(What the task requires): Please reproduce all of the data exactly as it appears, but skip the pictures.

(Provided material):
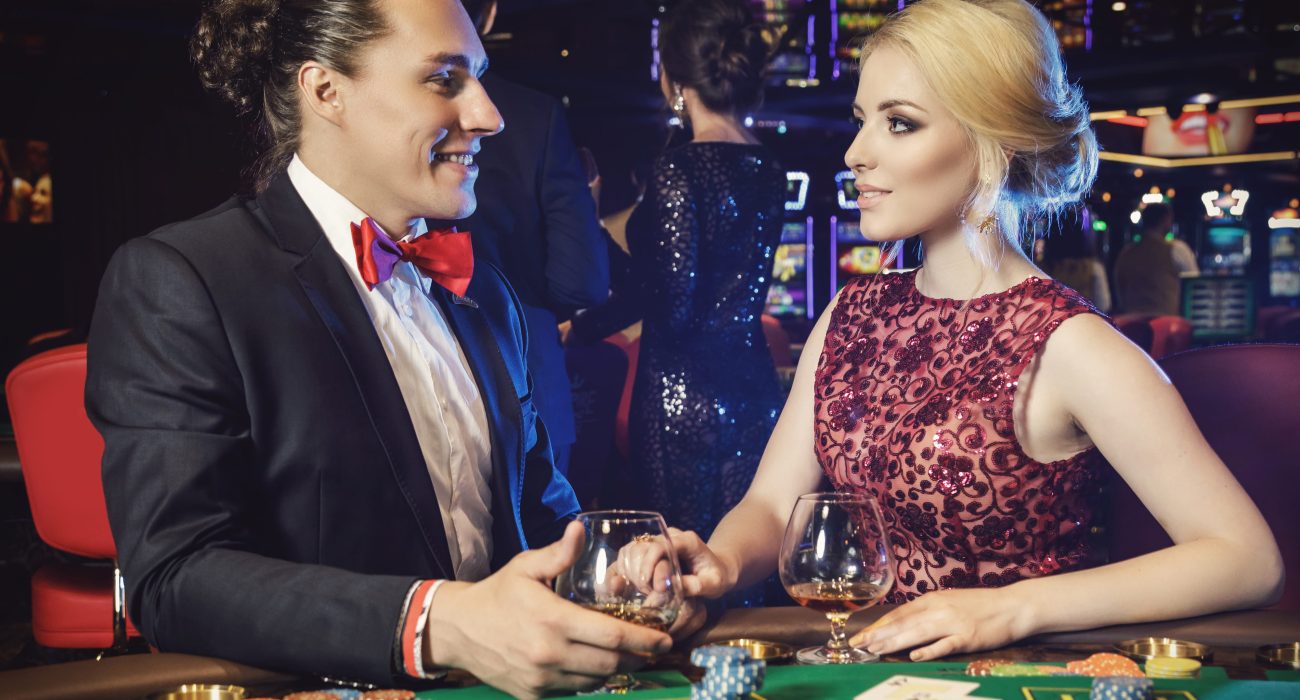 The Ultimate Guide to Live Blackjack: Bringing the Casino Floor to Your Screen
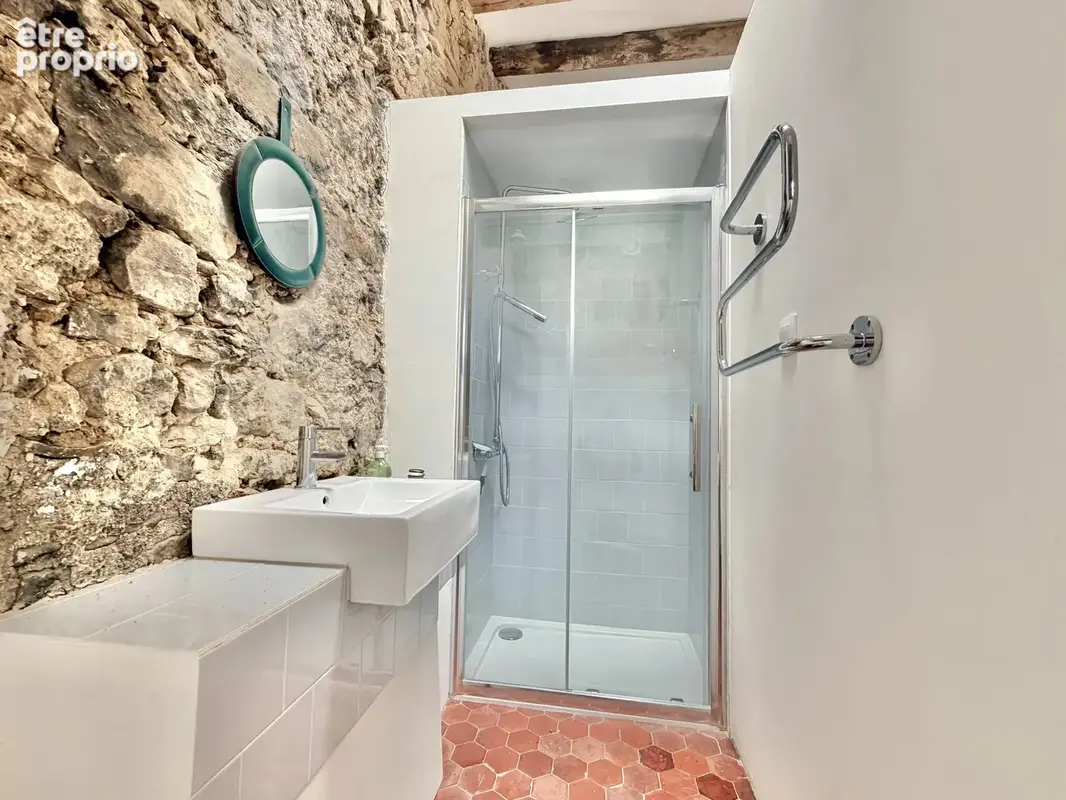 Authentique maison en pierre divisée en trois maisons d'amis indépendantes au cœur du vignoble languedocien - photo 10
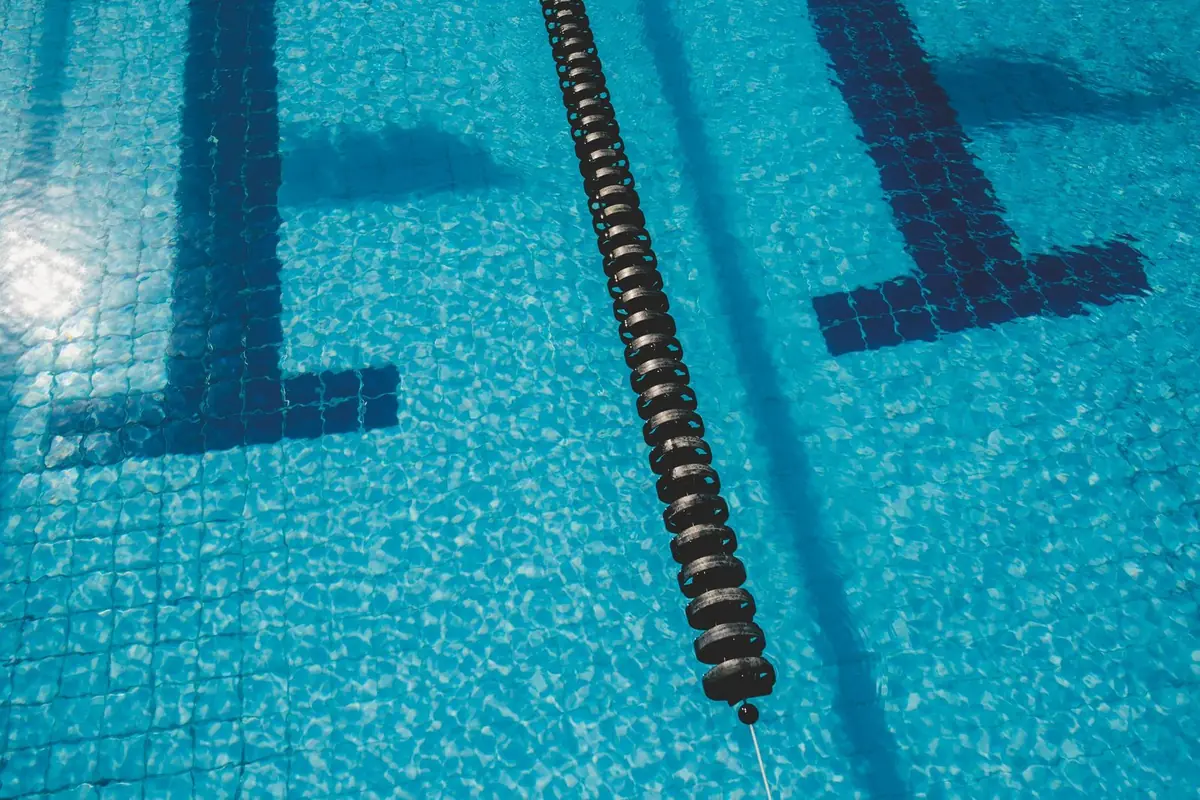 Carril de la piscina con numeración visible y borde de partida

(Response box):
 The Ultimate Guide to Live Blackjack: Bringing the Casino Floor to Your Screen
 Authentique maison en pierre divisée en trois maisons d'amis indépendantes au cœur du vignoble languedocien - photo 10
 Carril de la piscina con numeración visible y borde de partida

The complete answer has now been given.